La fragilità dell’impianto sulla quale era surrettiziamente cresciuta la fama di Pagnotta come genio della finanza esplose nel corso del 1925, in concomitanza con il cambiamento della politica monetaria e il ritorno all’ortodossia finanziaria, con i decreti del ministro Alberto De Stefani contro la speculazione di borsa, la reintroduzione dei controlli sui cambi e l’aumento del tasso di sconto. Alla fine dello stesso anno, Pagnotta consegnandosi alla giustizia, concluse la sua fulminante carriera di agente finanziario. Per lui, oltre alle porte della galera per bancarotta, si aprì un interminabile e complicato contenzioso fallimentare, aggravato dalla iniziale impossibilità di stabilire compiutamente l’ammontare effettivo della massa debitoria per l’assenza di qualsiasi documentazione contabile prodotta dal fallito. Alla fine l’entità del fallimento poté essere accertata in oltre 5 milioni di lire, a fronte di un montante di crediti iniziali di almeno il doppio. Condannato a sei anni di reclusione uscì nel 1931, segnato nel fisico e nel morale. Mai sposato, si trasferì dalla sorella a Salerno.
Qui morì il 14 luglio 1940, in totale solitudine.
Fonti e Bibl.: Roma, Arch. centrale dello Stato, Ministero Interno, Dir.

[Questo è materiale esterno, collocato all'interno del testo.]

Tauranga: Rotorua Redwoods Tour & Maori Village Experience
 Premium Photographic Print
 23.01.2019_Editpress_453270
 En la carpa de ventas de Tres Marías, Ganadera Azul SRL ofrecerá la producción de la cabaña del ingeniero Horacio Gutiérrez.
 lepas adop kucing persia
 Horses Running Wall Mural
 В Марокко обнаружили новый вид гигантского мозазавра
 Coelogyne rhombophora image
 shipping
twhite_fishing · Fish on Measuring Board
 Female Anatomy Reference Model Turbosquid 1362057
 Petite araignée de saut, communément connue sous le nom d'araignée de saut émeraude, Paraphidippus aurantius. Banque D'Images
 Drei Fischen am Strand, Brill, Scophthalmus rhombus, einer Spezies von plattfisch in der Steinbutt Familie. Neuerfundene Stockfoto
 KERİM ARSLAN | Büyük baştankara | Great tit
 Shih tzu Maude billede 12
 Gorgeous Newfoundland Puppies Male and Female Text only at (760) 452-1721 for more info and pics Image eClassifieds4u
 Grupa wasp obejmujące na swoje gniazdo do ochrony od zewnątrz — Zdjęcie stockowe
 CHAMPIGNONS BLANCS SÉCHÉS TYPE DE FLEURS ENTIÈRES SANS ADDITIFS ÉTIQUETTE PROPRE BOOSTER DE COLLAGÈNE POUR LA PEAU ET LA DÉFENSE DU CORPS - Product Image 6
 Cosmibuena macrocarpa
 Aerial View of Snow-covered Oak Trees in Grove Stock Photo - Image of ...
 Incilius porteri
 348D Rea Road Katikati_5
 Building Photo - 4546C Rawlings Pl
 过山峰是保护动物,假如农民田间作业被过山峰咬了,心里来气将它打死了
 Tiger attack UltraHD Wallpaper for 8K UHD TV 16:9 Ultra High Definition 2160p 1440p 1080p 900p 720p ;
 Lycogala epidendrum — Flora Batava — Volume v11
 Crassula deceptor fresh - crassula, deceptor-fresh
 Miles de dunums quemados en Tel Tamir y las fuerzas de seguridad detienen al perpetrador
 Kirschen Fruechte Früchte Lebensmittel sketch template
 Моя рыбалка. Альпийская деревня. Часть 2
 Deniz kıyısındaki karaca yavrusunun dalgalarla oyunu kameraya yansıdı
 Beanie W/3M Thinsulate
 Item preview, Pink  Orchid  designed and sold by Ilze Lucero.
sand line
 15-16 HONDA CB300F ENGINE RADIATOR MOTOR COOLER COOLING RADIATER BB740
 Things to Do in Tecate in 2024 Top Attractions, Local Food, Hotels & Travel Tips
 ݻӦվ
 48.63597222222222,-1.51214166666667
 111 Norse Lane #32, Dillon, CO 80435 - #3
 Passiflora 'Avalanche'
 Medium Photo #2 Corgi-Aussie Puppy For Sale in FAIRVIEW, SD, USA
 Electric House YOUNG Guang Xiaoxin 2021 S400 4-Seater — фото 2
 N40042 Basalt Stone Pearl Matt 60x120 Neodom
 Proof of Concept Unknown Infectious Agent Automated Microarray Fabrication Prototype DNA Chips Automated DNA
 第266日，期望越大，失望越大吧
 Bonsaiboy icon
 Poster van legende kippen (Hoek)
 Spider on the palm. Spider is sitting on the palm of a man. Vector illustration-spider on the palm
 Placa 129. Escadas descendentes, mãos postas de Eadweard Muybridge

Gen. Pubblica Sicurezza, Casellario politico centrale, R. P., f. 79999; Arch. di Stato di Avellino, Tribunale Civile, Fallimento P. R., 1925, b. 3319; Arch. di Stato di Napoli, Corte di Appello, Sez. Penale VIII, Sentenzacontro P. R., 1931, n. 263. G. Moricola, Il cambiavalute in rosso. Uomini ed affari ad Avellino tra dopoguerra e fascismo, Milano 2011; Id., L’uomo che sapeva leggere i listini. Relazioni creditizie e affari ad Avellino negli anni Venti del Novecento, in Quaderni storici, XLVI (2011), 2, pp. 555-576.